Following Prime Minister Compton's death, Frederick's portfolio was expanded to include Urban Renewal and Local Government in the 12 September 2007, cabinet reshuffle under new Prime Minister Stephenson King. He subsequently failed in his bid to become deputy leader of the United Workers Party in 2008.

A powerful criminal attorney, he has amassed millions and was embroiled in a customs scandal, which had to do with him allegedly underpaying customs duties for clearing personal vehicles through Customs. An investigation ensued.
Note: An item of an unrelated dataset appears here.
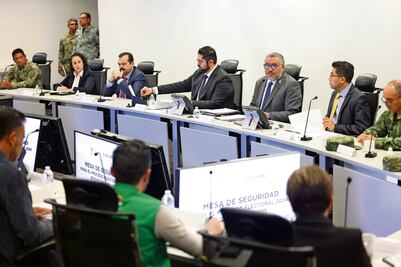 Definen mecanismo de seguridad para candidatos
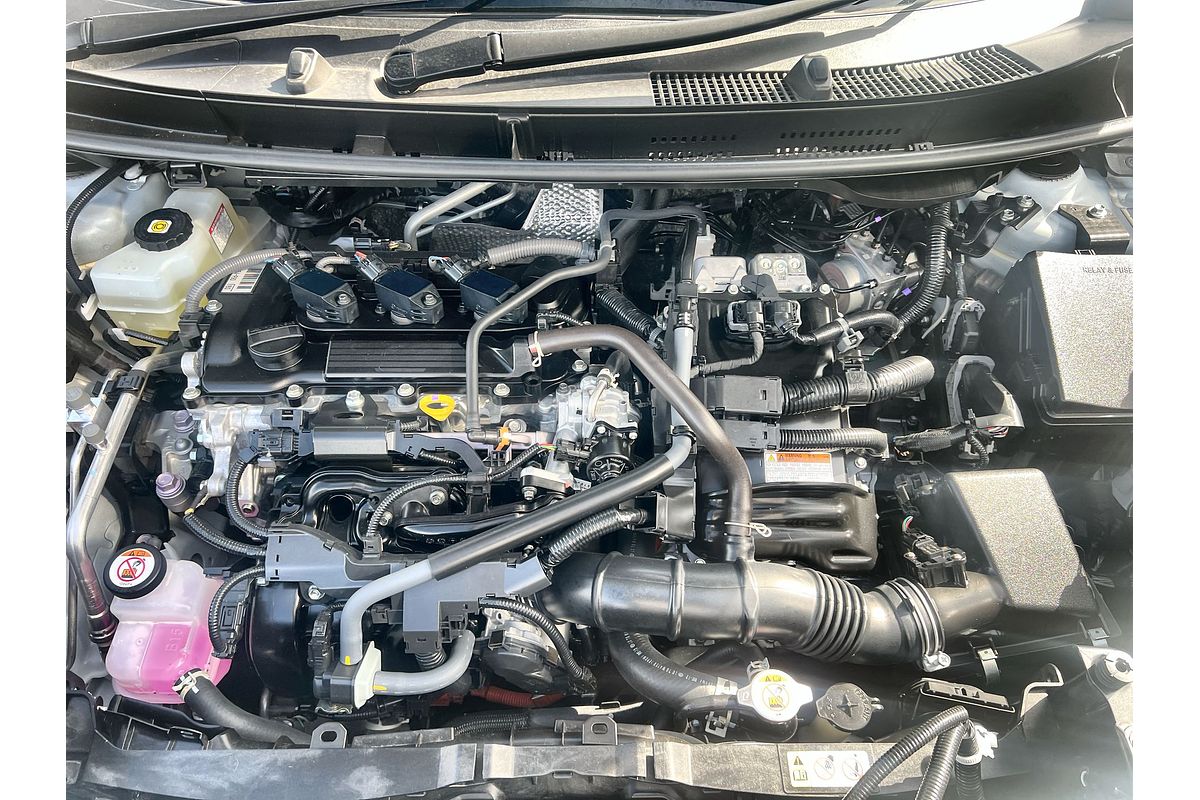 2021 Toyota Yaris Cross GX MXPJ10R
In 2007, he was taken into custody by police, acting on instructions from Customs Controller Terrance Leonard, for alleged tax evasion and under-invoicing on the purchase of cars from the United States. No charges have since been laid. Frederick has enjoined the Attorney General in a suit he has brought related to this incident.
He won the lawsuit, which was pursued with his brother, who himself was arrested for the same cause, and they were jointly awarded $50,000 for unlawful arrest.
Frederick resigned as a cabinet minister in September 2011, following a Wikileak-related scandal regarding the withdrawal by the U.S. State Department of his diplomatic visa for entry in the United States.
Mr. Frederick's diplomatic visa being revoked was in relation to US $25 million.
If there exist reports of Frederick's considerable wealth and attacks regarding the acquisition of his assets, none are proven or have been found with merit yet. However, it remains a fact that he was one of the most, if not the most, expensive criminal defense lawyer on the island.

He was reelected in his constituency in the 2011 general elections, but his party was defeated. On 17 August 2014, Frederick was expelled from the United Workers Party, after he blatantly refused to work with Allen Chastanet who had secured leadership of the United Workers Party. Although he was given an ultimatum, he refused. He declined to contest the 2016 general election.

Frederick was an independent Labour candidate in the 2021 general election, to represent Castries Central in Parliament. He defeated the incumbent, Sarah Flood-Beaubrun, by 605 votes.